No, I do not regret meeting Wolf. In fact, he is the brightest part of my day. He makes me feel complete. Is he what I have been longing for? Perhaps it is so. He set off a dream in me, a dream I surely thought had subsided. He breathed life into my dying flames. He made me realize that I was not fulfilled because I was not wondering and simply seeking facts. I was not caring, I was not careful. I had become dull and lifeless. Seeking felt like a routine. But now, oh my. Seeking new things gives me so much joy, I cannot begin to describe it all in words. The rush it all gives me, oh the thrill! To seek the unknown, no matter how frightened you are, is the best addiction in the world.

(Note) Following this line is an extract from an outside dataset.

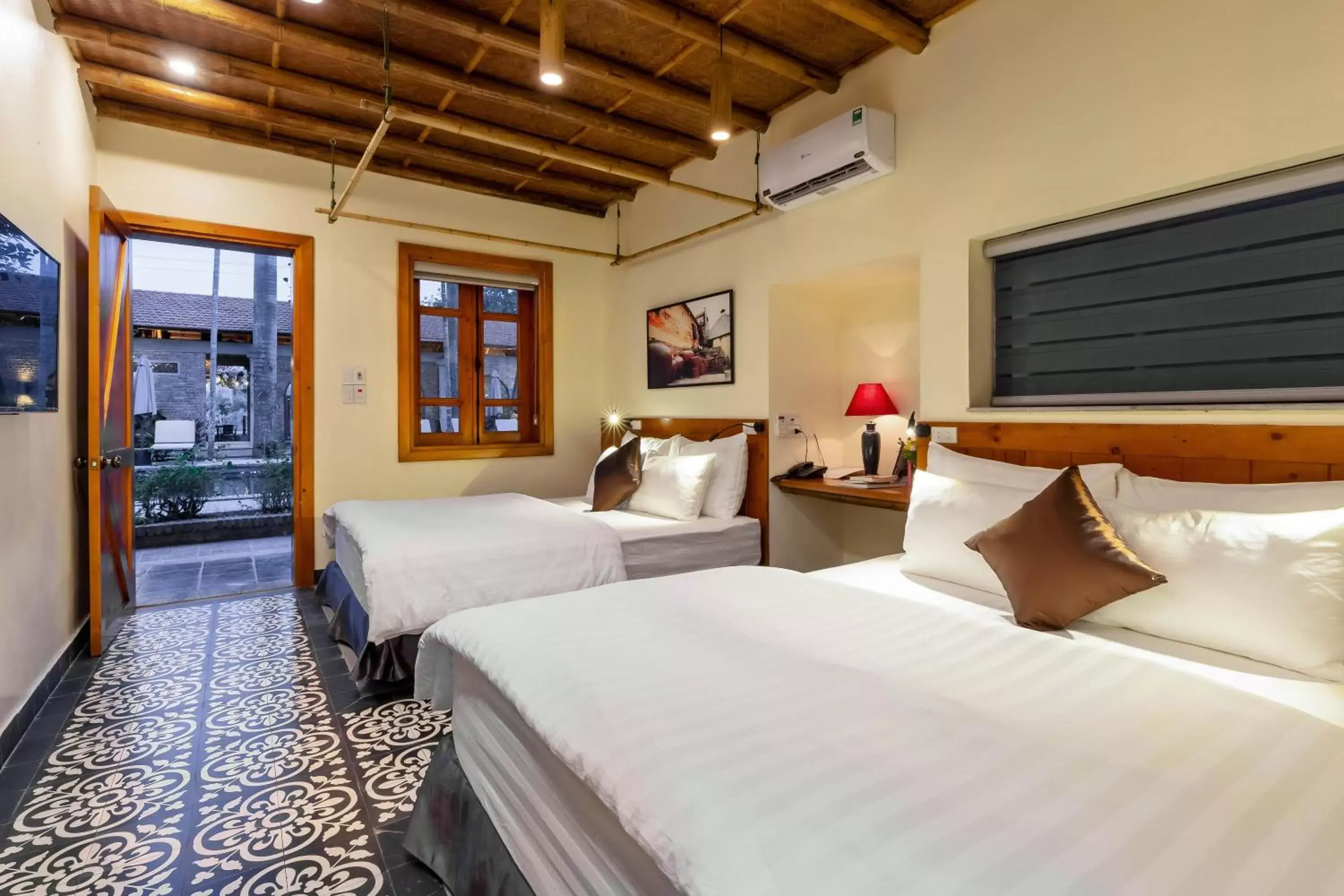 Deluxe Queen Room with Two Queen Beds in Tam Coc Banana Bungalow Deluxe Queen Room with Two Queen Beds in Tam Coc Banana Bungalow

I do not know what is so different about him. There is something so familiar, as if we have known each other for eons. As if my lost piece is at last recovered. Do I sound like a complete and utter lunatic? Yes. Perhaps I am. All of this insanity in the world cannot be discovered by sanity, surely! I cannot stop myself from lusting after things I cannot comprehend. I enjoy challenges in all aspects, and so the unknown and the hidden draw me in like moth to flame. They are mysteries just itching to be solved. I seek to befriend the devil himself one day, I am just that deranged, I suppose.

I have not been the only one drawn to them. These odd entities and creatures also grow curious of me. I have never been harmed due to that. Not once have any of them attempted to harm me. It can get silly, as they treat me as if a doll meant to be played with. They never tend to linger in the end, but at the end of it all, I feel content because I feel I have made new friends. A close friend of mine once commented on this very predicament: "You can tame the wildest of beasts!" It made me giggle inwardly, just due to the way she worded it. I never thought of those creatures as beasts to be tamed. I cared for them and treated them just like any friend of mine. She wasn't incorrect however. These creatures took a liking to me, when they normally never would. But Wolf, isn't he the oddest yet? For the life of me, I cannot comprehend the reason behind his actions. There is something, a spark, a stirring inside him. Only recently however. Whatever could it be? He is so complex; often I sense this loss from him. This melancholic sadness beyond my understanding. But the stirring is new. I believe it to be passion for something. Perhaps for the upcoming war? Ah yes. Likely.

Have I spoken about that certain topic? I don't believe I have. Alas, if I were to, it'd be a betrayal in itself. This is why I do not share much regarding our conversations and his identity. I have sworn to keep his secrets, and I shall. (Currently 6 AM and I have not slept a wink, so forgive me for the nonsense.)